Hamstring strains are common injuries in sports. They represent the most common injury in sports like soccer and track, accounting for up to 12-16 percent of injuries. Given the large incidence, and that once injured you are at a greater risk of re-injury, many teams commit time and effort in attempting to prevent hamstring strains. One method that has been shown over and over again to prevent hamstring injuries is the Nordic Hamstring Exercises.
Nordic hamstrings are important because research has been done to show they prevent hamstring strains in those without previous injury and those athletes recovering from injury. Other methods have had conflicting data. It is reasonable to expect that improving eccentric function (contracting the muscle while it stretches) of the hamstring may reduce hamstring injury risk—as eccentric actions are the cause of hamstring injuries. This has been shown with video analysis of injuries.
Studies have shown that eccentric strength training with Nordic hamstring exercises (combined with a warm-up dynamic stretching) reduced hamstring strain risk, whereas flexibility training program (static stretching, e.g. sit-on-the-ground stretching) was ineffective. This is likely due to the inability of the “flexibility program” to positively influence the length-tension relationship of the hamstring in the same way as the eccentric strength training. The clinical utility of eccentric training for flexibility and its role in promoting proper hamstring function are part of the effectiveness of doing Nordic Hamstring Exercises.

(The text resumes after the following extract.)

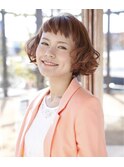 バルーンショートボブ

Almost two-thirds of hamstring injuries might be prevented by doing these exercises. This was seen in more than half a dozen studies. It is simple to do, but challenging. The exercise was first noted in an exercise for health book in the late 1800s.
To do the exercise: After warming up, kneel on the ground (a pad helps), the ankles need to be secured either with a spotter or a couch type item. Next, lower yourself to the ground as slowly and smoothly as possible, with hands by your side. You should lean forward so that your chest approaches the ground. Use your hamstrings to slow your forward momentum until you can no longer resist the pull of gravity. Use your arms and hands at that point to stop your fall (don’t smash your face). Allow your chest to touch the ground, and then push yourself back upright to the starting position to repeat the exercise.
The Oslo Trauma Research Center recommends this Nordic Hamstring Exercise four-week training protocol:
Week 1: The subject is encouraged to resist falling as long as possible - twice per week, two sets of five exercises with a break in between sets.
Week 2: Subject tries to reduce lowering speed - twice per week, two sets of six exercises with a break in between sets.
Week 3: Subjects can resist falling even longer, and for an increased number of repetitions - three per week, three sets of six exercises with a break between sets.
Week 4: Load on the subject increases by allowing more speed in the start phase, as well as another gradual increase in repetitions - three per week, three sets of eight exercises with a break between sets.
Hamstring strains can be a long-lasting problem and they can put you on the injured reserve for a long time. Start your Nordic Hamstring Exercises today to help protect your legs tomorrow. Preventing hamstring injuries is easy.
Recommended additional reading:
1: Brukner P. Hamstring injuries: prevention and treatment-an update. Br J Sports Med. 2015 Jun 23. pii: bjsports-2014-094427. doi: 10.1136/bjsports-2014-094427.
2: Guillodo Y, Here-Dorignac C, Thoribé B, Madouas G, Dauty M, Tassery F, Saraux A. Clinical predictors of time to return to competition following hamstring injuries. Muscles Ligaments Tendons J. 2014 Nov 17;4(3):386-90.
3: Hamilton B. Hamstring muscle strain injuries: what can we learn from history? Br J Sports Med. 2012 Oct; 46(13):900-3. Epub 2012 Mar 29. Erratum in: Br J Sports Med. 2012 Nov;46(14):1023.
4: Heiderscheit BC, Sherry MA, Silder A, Chumanov ES, Thelen DG. Hamstring strain injuries: recommendations for diagnosis, rehabilitation, and injury prevention. J Orthop Sports Phys Ther. 2010 Feb;40(2):67-81. doi: 10.2519/jospt.2010.3047.
5: Woods C, Hawkins RD, Maltby S, Hulse M, Thomas A, Hodson A; Football Association Medical Research Programme. The Football Association Medical Research Programme: an audit of injuries in professional football--analysis of hamstring injuries. Br J Sports Med. 2004 Feb;38(1):36-41.